Pandemi mengakibatkan UMKM menjadi sepi karena turunnya daya beli masyarakat karena berbagai ketakutan yang terjadi. Salah satu strategi dalam mengatasinya bagi UMKM adalah melakukan digitalisasi pemasaran melalui berbagai platform yang ada seperti sosial media dan E-Commerce.
Pandemi yang terjadi memang membuat percepatan digitalisasi perekonomian di Indonesia. Tetapi, masih diperlukan sinergi semua pihak, baik pemerintah yang memberikan stimulus berupa permodalan, jaminan, kontrol, dan lain-lain, serta masyarakat yang harus mulai terbuka dengan perubahan yang ada melalui jiwa kewirausahaan.
Pemerintah perlu mendesain program pemulihan ekonomi berdasarkan kebutuhan dengan pendekatan bottom up, salah satunya adalah restrukturisasi kredit serta kemudahan pembiayaan serta fleksibilitas program pembiayaan bagi UMKM agar sesuai dengan kebutuhan dan karakteristik UMKM.
Penguatan ekosistem digital juga menjadi sangat penting untuk dilakukan. Di sektor keuangan, diversifikasi produk jasa keuangan berbasis teknologi digital sangat penting untuk diupayakan saat ini.
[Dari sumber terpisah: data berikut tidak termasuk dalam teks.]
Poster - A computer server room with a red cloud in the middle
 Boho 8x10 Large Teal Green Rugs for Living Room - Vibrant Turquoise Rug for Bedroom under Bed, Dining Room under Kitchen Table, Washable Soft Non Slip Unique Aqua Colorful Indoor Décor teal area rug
Dengan terbatasnya mobilitas akibat pandemi, para pelaku usaha khususnya UMKM juga harus melakukan adaptasi teknologi dan digitalisasi baik dalam hal pelayanan maupun penjualan produk.
Pembinaan dan pendampingan menyeluruh bagi UMKM perlu dilakukan, selain untuk mengurangi kesenjangan antar UMKM juga mendukung literasi teknologi bagi UMKM, sehingga pada akhirnya UMKM dapat mengembangkan produk lokal unggulan.
Pemulihan sektor pariwisata secara bertahap secara kewilayahan berdasarkan analisis big data serta memfokuskan pada wisatawan nusantara. Adaptasi di destinasi wisata terhadap kondisi pandemi juga perlu dilakukan. Sehingga kolaborasi dengan berbagai pihak baik pemerintah daerah, pusat maupun pihak lain yang terkait menjadi mutlak diperlukan dalam rangka mendorong geliat pariwisata dan ekonomi kreatif. Terlebih di Yogyakarta. Sebab, pariwisata bisa dikatakan merupakan nadi perekonomian daerah istimewa ini. (*)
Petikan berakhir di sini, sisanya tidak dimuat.